В начале июля 1948 года он приезжает к ней в Ленинград. Елена Чеславовна идет встречать к трамваю худого, высокого, старого человека, совершенно не похожего на любовь ее юности. Она сама — тоже другая: из белокурой наивной девушки превратилась в серьезного историка, в женщину, не привыкшую полагаться ни на кого, кроме себя. Вечером просит дочь Марину прочесть какое-нибудь стихотворение, и та выбирает пушкинское: «Я вас любил, любовь еще, быть может». Счастливого финала не будет. Они проговорят до самого утра, а потом встретятся еще несколько раз. Карсавин умрет в лагерях. Елена Скржинская станет известным историком-медиевистом. Как и мечтала.

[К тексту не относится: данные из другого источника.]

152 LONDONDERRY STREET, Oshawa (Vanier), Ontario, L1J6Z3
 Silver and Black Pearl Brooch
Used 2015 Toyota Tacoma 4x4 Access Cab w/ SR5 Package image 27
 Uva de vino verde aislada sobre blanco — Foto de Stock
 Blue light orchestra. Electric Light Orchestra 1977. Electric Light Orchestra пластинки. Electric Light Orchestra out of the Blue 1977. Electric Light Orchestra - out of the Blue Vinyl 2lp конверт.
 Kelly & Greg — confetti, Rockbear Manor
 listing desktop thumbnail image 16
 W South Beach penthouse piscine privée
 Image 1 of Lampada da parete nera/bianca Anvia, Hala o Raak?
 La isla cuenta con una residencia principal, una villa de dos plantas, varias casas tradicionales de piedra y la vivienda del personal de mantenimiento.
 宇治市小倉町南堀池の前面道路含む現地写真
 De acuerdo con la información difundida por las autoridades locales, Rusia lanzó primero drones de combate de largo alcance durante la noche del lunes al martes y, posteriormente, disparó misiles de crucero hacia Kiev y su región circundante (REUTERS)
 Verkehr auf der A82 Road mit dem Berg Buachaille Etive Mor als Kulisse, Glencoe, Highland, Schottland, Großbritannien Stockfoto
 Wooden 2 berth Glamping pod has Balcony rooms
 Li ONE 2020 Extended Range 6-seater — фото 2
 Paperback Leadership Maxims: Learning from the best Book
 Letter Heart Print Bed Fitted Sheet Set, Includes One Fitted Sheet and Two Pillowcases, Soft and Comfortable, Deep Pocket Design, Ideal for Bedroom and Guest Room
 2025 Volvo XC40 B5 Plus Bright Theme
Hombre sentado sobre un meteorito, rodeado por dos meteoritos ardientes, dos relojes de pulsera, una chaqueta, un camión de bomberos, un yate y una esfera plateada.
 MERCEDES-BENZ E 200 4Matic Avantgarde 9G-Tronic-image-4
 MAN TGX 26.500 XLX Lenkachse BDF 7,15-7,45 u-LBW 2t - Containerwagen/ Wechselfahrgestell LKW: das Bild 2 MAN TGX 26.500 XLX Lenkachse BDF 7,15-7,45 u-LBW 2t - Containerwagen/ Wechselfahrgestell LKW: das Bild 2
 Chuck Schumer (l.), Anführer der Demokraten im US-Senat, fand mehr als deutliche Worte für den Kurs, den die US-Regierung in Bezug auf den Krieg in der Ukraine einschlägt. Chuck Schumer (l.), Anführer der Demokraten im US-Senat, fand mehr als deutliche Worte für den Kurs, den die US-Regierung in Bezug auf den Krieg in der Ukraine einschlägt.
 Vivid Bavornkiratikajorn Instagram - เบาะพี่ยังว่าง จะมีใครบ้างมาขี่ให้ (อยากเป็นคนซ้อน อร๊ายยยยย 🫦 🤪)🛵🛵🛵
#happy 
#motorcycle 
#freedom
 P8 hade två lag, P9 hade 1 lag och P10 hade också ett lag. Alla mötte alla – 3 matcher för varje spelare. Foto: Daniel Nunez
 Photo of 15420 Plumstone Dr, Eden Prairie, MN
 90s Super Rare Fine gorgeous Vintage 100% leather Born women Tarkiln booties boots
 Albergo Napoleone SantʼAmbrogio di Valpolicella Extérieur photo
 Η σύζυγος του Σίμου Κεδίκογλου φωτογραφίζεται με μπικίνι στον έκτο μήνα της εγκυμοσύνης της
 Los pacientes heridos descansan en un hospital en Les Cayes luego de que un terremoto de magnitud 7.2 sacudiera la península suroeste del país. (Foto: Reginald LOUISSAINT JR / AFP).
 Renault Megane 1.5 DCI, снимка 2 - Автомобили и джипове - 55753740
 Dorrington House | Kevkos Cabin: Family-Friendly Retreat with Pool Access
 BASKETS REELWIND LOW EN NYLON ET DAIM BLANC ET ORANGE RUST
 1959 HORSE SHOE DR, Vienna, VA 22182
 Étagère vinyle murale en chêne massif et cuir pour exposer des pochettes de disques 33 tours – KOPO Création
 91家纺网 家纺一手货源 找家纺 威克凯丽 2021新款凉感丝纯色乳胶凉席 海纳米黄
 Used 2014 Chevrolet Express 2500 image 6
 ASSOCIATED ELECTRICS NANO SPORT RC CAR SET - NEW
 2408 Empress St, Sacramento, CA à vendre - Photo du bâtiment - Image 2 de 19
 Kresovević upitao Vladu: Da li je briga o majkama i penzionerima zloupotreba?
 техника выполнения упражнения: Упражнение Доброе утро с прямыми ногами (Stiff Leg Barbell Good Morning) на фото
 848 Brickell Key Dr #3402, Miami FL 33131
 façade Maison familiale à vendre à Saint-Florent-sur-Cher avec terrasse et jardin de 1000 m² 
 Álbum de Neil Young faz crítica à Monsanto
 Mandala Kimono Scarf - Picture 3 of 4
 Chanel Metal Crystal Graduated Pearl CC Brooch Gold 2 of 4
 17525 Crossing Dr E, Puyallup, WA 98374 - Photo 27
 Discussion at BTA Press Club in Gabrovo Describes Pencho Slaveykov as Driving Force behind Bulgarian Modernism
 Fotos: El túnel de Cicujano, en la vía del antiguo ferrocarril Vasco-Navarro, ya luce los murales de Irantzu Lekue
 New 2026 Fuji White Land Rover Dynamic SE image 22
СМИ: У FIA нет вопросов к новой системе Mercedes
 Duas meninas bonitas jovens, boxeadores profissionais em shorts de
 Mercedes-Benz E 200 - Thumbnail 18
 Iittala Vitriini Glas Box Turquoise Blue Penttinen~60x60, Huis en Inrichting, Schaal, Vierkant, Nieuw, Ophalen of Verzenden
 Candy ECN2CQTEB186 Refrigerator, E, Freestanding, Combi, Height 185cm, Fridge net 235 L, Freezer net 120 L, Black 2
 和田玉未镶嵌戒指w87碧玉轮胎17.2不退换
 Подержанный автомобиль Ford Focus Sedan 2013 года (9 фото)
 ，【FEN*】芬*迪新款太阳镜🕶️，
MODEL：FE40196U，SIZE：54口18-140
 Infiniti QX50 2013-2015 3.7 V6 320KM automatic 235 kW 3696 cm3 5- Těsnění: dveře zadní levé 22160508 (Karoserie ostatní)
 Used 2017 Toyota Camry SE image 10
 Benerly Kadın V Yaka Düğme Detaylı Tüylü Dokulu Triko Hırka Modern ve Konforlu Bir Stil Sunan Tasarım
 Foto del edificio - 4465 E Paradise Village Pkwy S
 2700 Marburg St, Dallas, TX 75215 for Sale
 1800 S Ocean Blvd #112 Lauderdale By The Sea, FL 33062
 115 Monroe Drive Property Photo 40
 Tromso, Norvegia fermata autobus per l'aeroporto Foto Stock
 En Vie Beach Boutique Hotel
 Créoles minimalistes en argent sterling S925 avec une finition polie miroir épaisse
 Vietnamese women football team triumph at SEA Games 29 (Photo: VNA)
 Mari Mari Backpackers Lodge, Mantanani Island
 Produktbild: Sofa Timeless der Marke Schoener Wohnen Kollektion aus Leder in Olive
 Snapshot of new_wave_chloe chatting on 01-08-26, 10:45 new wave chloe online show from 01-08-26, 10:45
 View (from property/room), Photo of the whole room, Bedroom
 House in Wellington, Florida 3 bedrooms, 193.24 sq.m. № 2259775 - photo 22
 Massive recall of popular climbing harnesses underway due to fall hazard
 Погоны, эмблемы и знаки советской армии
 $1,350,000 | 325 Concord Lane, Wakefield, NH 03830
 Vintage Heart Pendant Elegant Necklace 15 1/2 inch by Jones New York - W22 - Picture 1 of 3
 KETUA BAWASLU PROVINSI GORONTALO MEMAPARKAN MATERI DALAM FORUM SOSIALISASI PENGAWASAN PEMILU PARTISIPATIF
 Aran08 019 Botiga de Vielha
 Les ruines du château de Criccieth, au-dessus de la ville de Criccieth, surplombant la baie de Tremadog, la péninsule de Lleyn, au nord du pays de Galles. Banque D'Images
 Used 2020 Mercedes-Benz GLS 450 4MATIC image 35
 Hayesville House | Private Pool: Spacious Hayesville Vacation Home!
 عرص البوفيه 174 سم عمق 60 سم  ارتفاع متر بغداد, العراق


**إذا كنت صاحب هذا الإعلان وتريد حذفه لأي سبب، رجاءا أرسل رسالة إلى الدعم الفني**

Елена Чеславовна за работой. Источник

Петр Сувчинский через много лет после смерти Льва Платоновича подведет грустный итог карсавинской любви: «Вас, м.б., удивит или озадачит тот факт, что я, лично, всегда был на стороне Е. Ч. Ему нужно было выйти из-под жуткого гнета семьи. Он жил — точно в плену, в какой-то внутренней глухой провинции и постепенно его силы самозащиты — начали сдавать и сдали окончательно, когда он согласился ехать в Литву. Я не сужу, но факты и события подтвердили мои точки зрения. Л. П. „запутался“ и в своем богословии, и в своей публицистике, и в своей поэзии. <…> Подумайте только: из-за „пещерного“ существования Л. П. — ни одна его книга не была (и не будет!) переведена на иностранные языки. Этот драгоценнейший для русской культуры человек — погиб (и из-за чего?!), словно и не жил».